Mentor: A wise and trusted counselor or teacher.
Without waxing poetic - mentors are crucial to leadership development and should a military mentor hall of fame exist - retired US Army Colonel John Collins would be one of the first inductees.
Colonel Collins has given his kind permission to post the following e-mail and attachment (letter to General Robert Kingston) -- a piece of history, a fine example of mentorship as it should be and proof-positive that the requirement for sage advice does not diminish with rank - enough said.
I've accumulated many valued acquaintances since childhood, despite being a loner all my life, but General Barbwire Bob Kingston remains my only close friend. I've missed him every day since he checked out on 28 February 2007, a year ago next Thursday. I was Bob's boss in the 82d Airborne Division when he was a captain and his faculty adviser when he was a lieutenant colonel student at the National War College.
My advice didn't stop after he wore stars. I thought perhaps you might like to review my August 1981 correspondence to Robert regarding the Rapid Deployment Joint Task Force (RDJTF). It focused primarily on the Persian Gulf after Soviet armed forces invaded Afghanistan, but important parts remain pertinent today (see attached letter, written by hand because I had no secretary and couldn't type). Marine Lieutenant General P. X. Kelley was the first RDJTF commander. The key question was: Who should replace P.X. when his tenure expired? Plans called for amphibious assaults to seize footholds in Iran if required, but Pentagon computers confirmed that no active duty Marine flag officer had ever landed under enemy fire, whereas Major General Kingston had hit the beach as a second lieutenant at Inchon on Korea's west coast in September 1950. Bob got the job and pinned on three stars.

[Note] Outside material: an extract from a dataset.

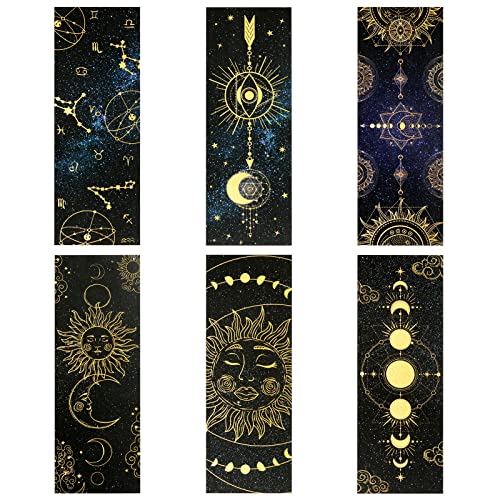 Set de 18 Marcalibros de Astrología Marcador de Galaxia Estética Marcalibros de Estrella Sol Luna de Papel Doble Cara Marcapáginas de Cielo Estrellado Espacio Genial Regalo de Marcalibros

John M. Collins is a retired U.S. Army colonel and a distinguished visiting research fellow at the National Defense University. Collins culminated his military career as the director of military strategy studies and then as chief of the Strategic Research Group at the National War College. He was subsequently the senior specialist in national defense at the Congressional Research Service for twenty-four years.
Note: General Robert Barrow, then Commandant of the Marine Corps, also landed at Inchon during the Korean War but was, at that time, considered too senior for command of the RDJTF. Links were added to Colonel Collins' e-mail for background purposes.